Assembly Passes Affordable Housing Bill
Posted by Phil Morin on 17 Jun 2008 | Tagged as: Affordable Housing, Highlands, Pinelands, Legislation
In a vote essentially along party lines, Assembly Speaker Joseph Roberts’s affordable housing reform bill was passed 45-33. The only “no” vote among the Democratic members of the Assembly was Linda Stender (D-Union), who is running for an open seat in the Republican-leaning 7th Congressional District against State Senator Leonard Lance (R-Hunterdon). One of the major overhalls to the Fair Housing Act in this bill is the elimination of Regional Contribution Agreements, or RCAs, which allow suburban and rural towns to transfer their affordable housing obligations to older suburban and urban areas in exchange for a calculated payment. As a result, all communities, with the exception of five regional planning areas, must provide for their fair share of affordable housing within their municipal boundaries.
According to the Star Ledger:
While ending the RCAs, the bill would raise new funds for construction or rehabilitation of affordable homes by charging developers a 2.5 percent fee on the value of commercial buildings they erect. Of the $163 million the state hopes to raise through the levy, $20 million would be set aside annually to replace the money that was provided by the affluent towns. The remainder would go toward providing affordable housing statewide.

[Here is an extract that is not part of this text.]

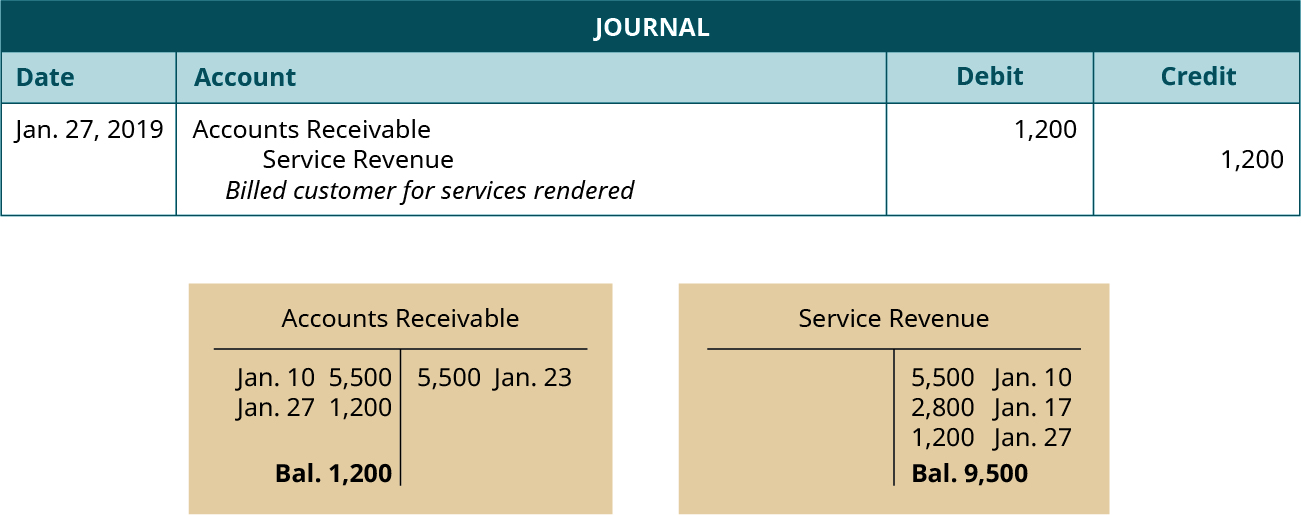 一篇日期为2019年1月27日的日记文章。 借方应收账款，1,200。 信贷服务收入，1,200。 解释：“向客户收取所提供服务的费用。” 日记账分录下方是两个 T 型账户。 左边的账户被标记为应收账款，其借方分录的日期为1月10日为5,500美元，1月27日的借方分录为1,200个，1月23日的贷方分录为5,500个，余额为1,200个。 正确的账户被标记为 “服务收入”，其信用分录的日期为1月10日，5,500的信用分录，日期为1月17日的2,800美元，1月27日的信用分录为1,200美元，余额为9,500。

Another $109 million in state realty transfer fee revenue, and an estimated $190 million in development fees already raised but not yet spent by municipalities, also would go toward the housing.
The legislation also would create five areas, each with 25 towns, that would work collectively to provide affordable housing in their regions. In four of those areas — the Highlands, the Pinelands, the Meadowlands and Fort Monmouth — they would seek to place as much of 50 percent of their affordable housing near mass transportation. The fifth area, the Atlantic City region, would have no restrictions on where the housing could be placed.
The legislation also would require that 20 percent of state-assisted development projects, such as transit villages, be set aside for affordable units. It would increase the maximum income to qualify for affordable housing from $63,000 to $87,000 for a family of four, and replace every affordable unit lost through redevelopment with another.
The proposal would create a State Housing Commission to develop an annual strategic housing plan, submit annual reports to the Legislature and require regular publication of affordable housing statistics.